Not really, and for a good reason: eco-anxiety isn't a disease. According to psychologists, it's a perfectly reasonable reaction to the serious, brutal and wide-reaching environmental crisis that's unfolding. It features on neither the WHO (World Health Organization) list of diseases, nor in professional manuals of mental illness.
In other words, being sad and anxious about forests being burned, animals dying and ecosystems disappearing isn't an illness. But some people would argue otherwise! The study in The Lancet explains that eco-anxiety feelings are "congruent, and healthy responses to the threats we face".
In other words, sufferers are merely one step ahead of the rest of us, with more awareness than others about the gravity of the situation.
All the same, psychologists point out that living with eco-anxiety long term clearly presents a risk to our mental health. They recommend tackling this stress head on, but without denying our legitimate emotions. How? The main tip is to remember that nobody can do the impossible (in this instance, saving the planet all by yourself) and accept that it doesn't all depend on you.
As you'd expect, the phenomenon first emerged as individuals began to be more aware of the scale of the environmental crisis and perceive it as a threat. It could probably be dated to the 1970s or 80s. But it took until the late 90s before it had a name. The term eco-anxiety was invented and became a recognised concept thanks to Belgian-Canadian psychiatrist and public health researcher Véronique Lapaige.
Later on, in the 2000s, another word for a very similar experience was coined: solastalgia. The term was invented by Australian environmental philosopher Glenn Albrecht. It describes the distress felt by an individual when the environment around them – the one that they interact with on a daily basis – is breaking down.

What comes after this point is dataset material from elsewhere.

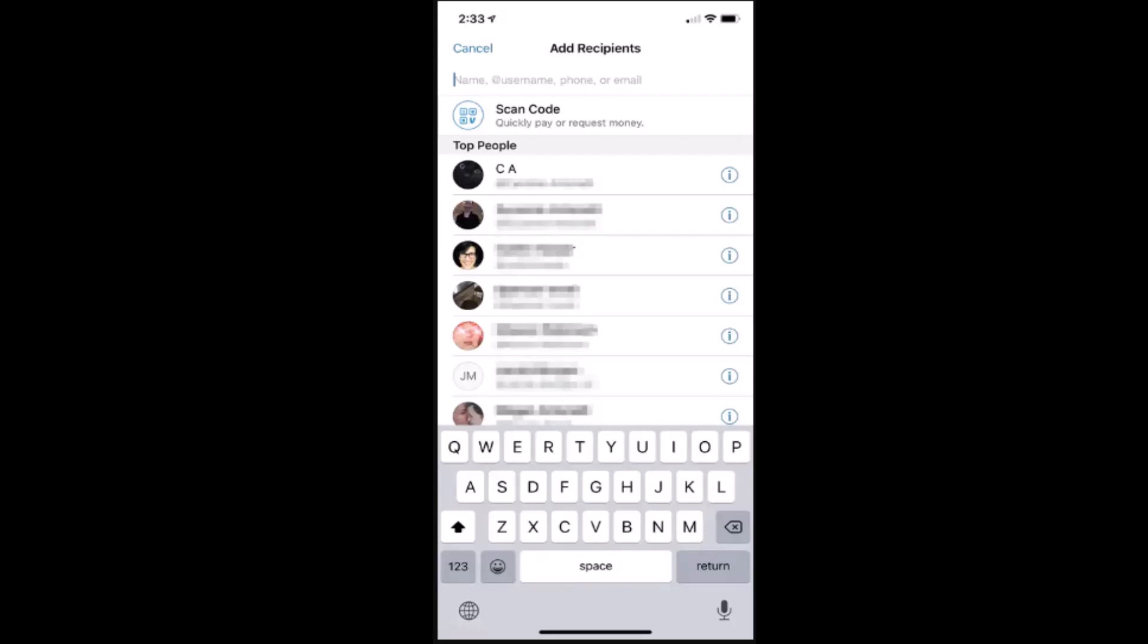What you need to do is provide either the username, name, phone number, or email address that is registered on Venmo. Once you're done entering this information, proceed to enter the amount you wish to send.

Albrecht studied how residents of Hunter Valley, Australia, became depressed as
their region was devastated by a large open-pit mine. "Solastalgia," wrote Albrecht, "is the existential and 'lived experience' of negative environmental change, manifest as an attack on one’s sense of place" (Earth Emotions: New Words for a New World, Glenn Albrecht, 2020).
Although long overlooked by the public discourse, eco-anxiety and solastalgia have seen increasing general interest in recent years. Indeed, they've been recognised as hard facts and serious public health, psychological and sociological issues, with newspaper articles, TV and radio shows, scientific research and medical consultations all dedicated to them.
One last tip: take action. Get involved so that you're not just standing idly by while consumed by your anxieties.
This might mean joining an environmental protection organisation, getting the people you know to take simple actions (buying less stuff, choosing an ethical bank, using their bike more often, going plogging, buying local food, etc.), being active politically, or even going on climate protests.
The idea is to beat the feeling of helplessness (which is very anxiety-provoking) by doing something useful and making yourself feel useful.